Ook de Eerste Kamer lijdt aan lobbycratie
Nederland wordt door de Raad van Europa op de vingers getikt. Ons land doet te weinig aan corruptiebestrijding en integriteit. De tik op de vingers is terecht. Als de Nederlandse politiek al oog heeft voor bestuurlijke corruptie, betreft het meestal ambtenaren en niet de politici zelf. Het rapport uit Straatsburg komt ook op een goed moment: de aanstaande verkiezingen van de Eerste Kamer.

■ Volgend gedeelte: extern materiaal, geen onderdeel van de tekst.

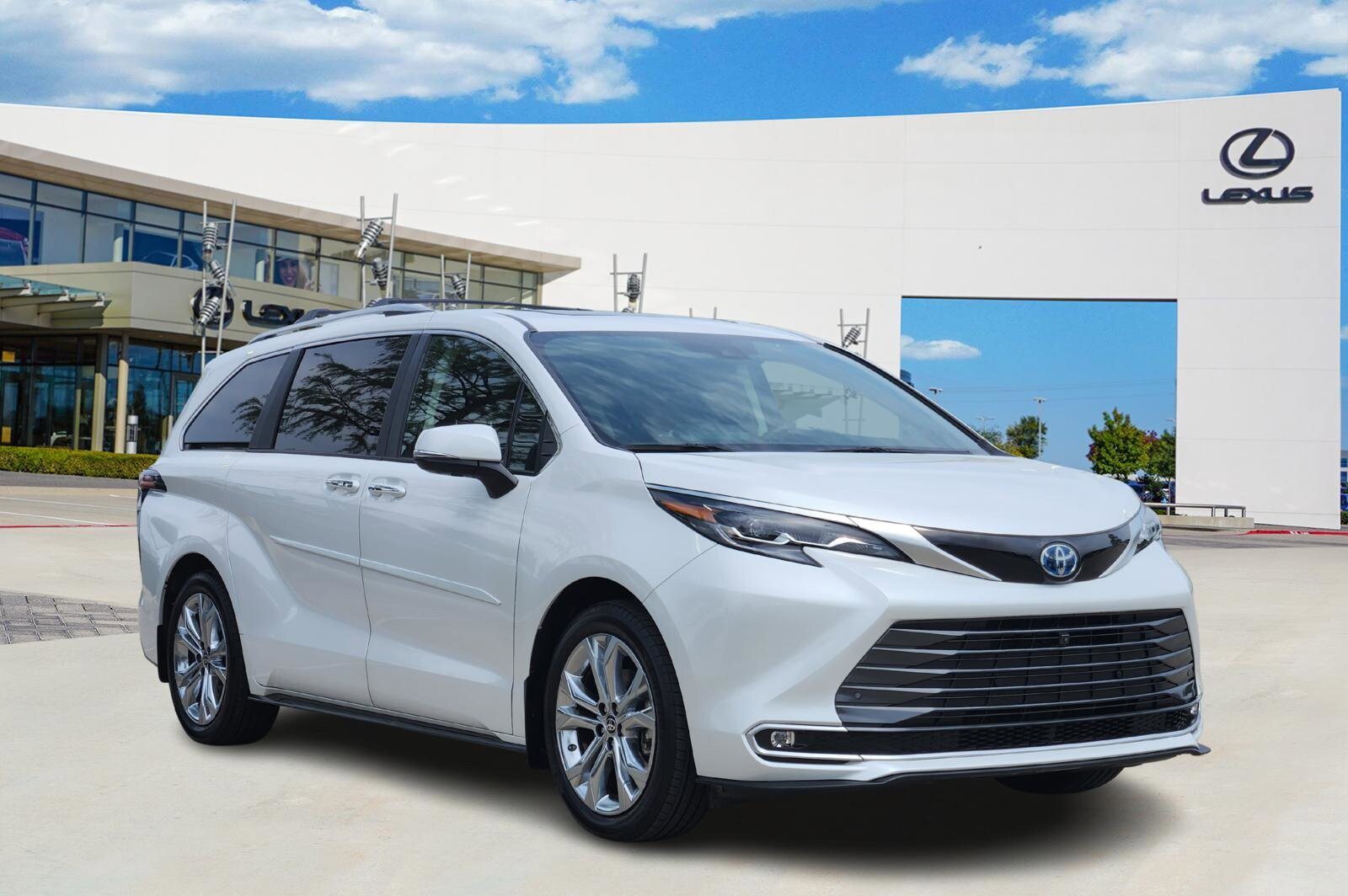 2024 Toyota Sienna Platinum photo 2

Want de zo bedaarde senaat….
De bedaarde senaat is namelijk bepaald niet vrij van de risico’s van lobbycratie en netwerkcorruptie.

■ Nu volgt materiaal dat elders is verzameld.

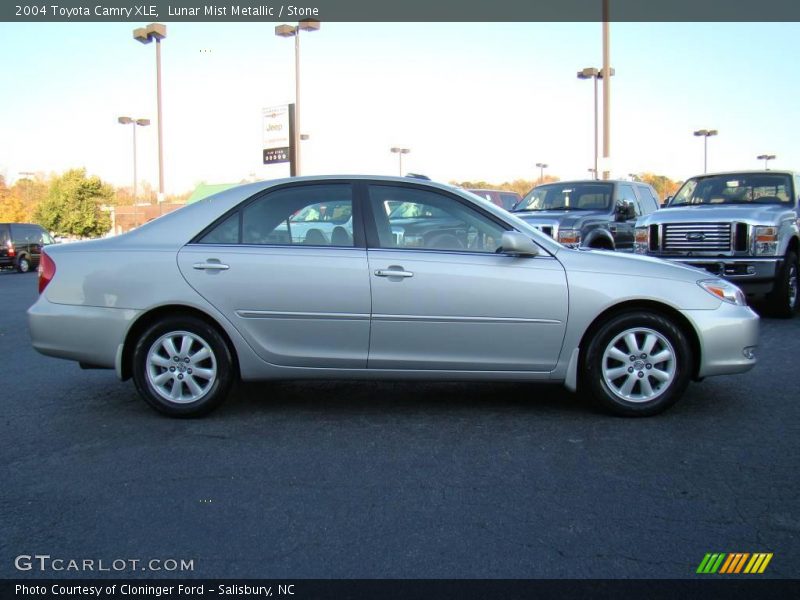 Lunar Mist Metallic / Stone 2004 Toyota Camry XLE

Op de homepage van de Raad van Europa’s anti-corruptiewaakhond GRECO prijkt momenteel een stevige vingerwijzing naar Nederland [LINK: https://www.coe.int/en/web/greco/-/the-netherlands-needs-to-enhance-measures-to-preserve-integrity-in-the-government-and-in-the-police ]. ‘The Netherlands needs to enhance measures to preserve integrity in the government and in the police’. Ons land doet te weinig aan corruptiebestrijding en integriteitsbevordering, zo luidt de boodschap uit Straatsburg.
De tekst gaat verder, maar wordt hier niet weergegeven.